However, it was kind of a fun problem and looking into ggplot_build is not such a big deal.

require(dplyr)
require(ggplot2)

p <- ggplot(test.df, aes(x, y)) +
geom_density2d(color = 'red', lwd = 0.5, contour = T, h = c(2,2)) 
#basic version of your plot

p_built <- ggplot_build(p)

p_data <- p_built$data[[1]]
p_maxring <- p_data[p_data[['level']] == min(p_data[['level']]),] %>%
  select(x,y) # extracts the x/y coordinates of the points on the largest ellipse from your 2d-density contour

Now this answer helped me to find the points on this ellipse which are furthest apart.

coord_mean <- c(x = mean(p_maxring$x), y = mean(p_maxring$y))

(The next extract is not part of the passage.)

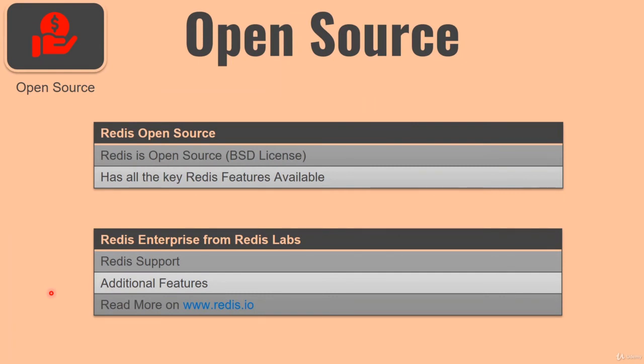Redis is open source, and the open source version also has all the features which are available in Redis Enterprise. However, if you go with Redis Enterprise, you will be able to get support if there is any issue with Redis. Redis Enterprise also has some additional features which are very good if you are using Redis in a very large enterprise environment. You can read more about Redis Enterprise from the www.redis.io website, where they have a very good comparison of what is available in Redis open source versus Redis Enterprise.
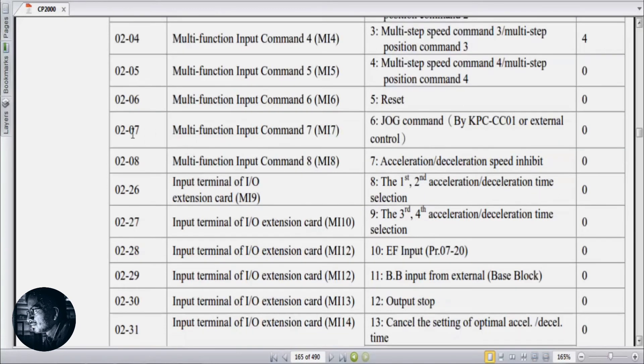Then parameter 02-07, multi-function input function setting — we set this to 42 for auto switch. The parameters are now done and we have completed all the settings. The drive is ready to run.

p_maxring <- p_maxring %>% 
  mutate (mean_dev = sqrt((x - mean(x))^2 + (y - mean(y))^2)) #extra column specifying the distance of each point to the mean of those points

coord_farthest <- c('x' = p_maxring$x[which.max(p_maxring$mean_dev)], 'y' = p_maxring$y[which.max(p_maxring$mean_dev)])
# gives the coordinates of the point farthest away from the mean point

farthest_from_farthest <- sqrt((p_maxring$x - coord_farthest['x'])^2 + (p_maxring$y - coord_farthest['y'])^2)
#now this looks which of the points is the farthest from the point farthest from the mean point :D
coord_fff <- c('x' = p_maxring$x[which.max(farthest_from_farthest)], 'y' = p_maxring$y[which.max(farthest_from_farthest)])



 ggplot(test.df, aes(x, y)) +
  geom_density2d(color = 'red', lwd = 0.5, contour = T, h = c(2,2)) +
  # geom_segment using the coordinates of the points farthest apart 
  geom_segment((aes(x = coord_farthest['x'], y = coord_farthest['y'],
                    xend = coord_fff['x'], yend = coord_fff['y']))) +
  geom_smooth(method = "glm", se = F, lwd = 1, color = 'red') +
# as per your request with your geom_smooth line

  coord_equal()

coord_equal is super important, because otherwise you will get super weird results - it messed up my brain too. Because if the coordinates are not set equal, the line will seemingly not pass through the point furthest apart from the mean...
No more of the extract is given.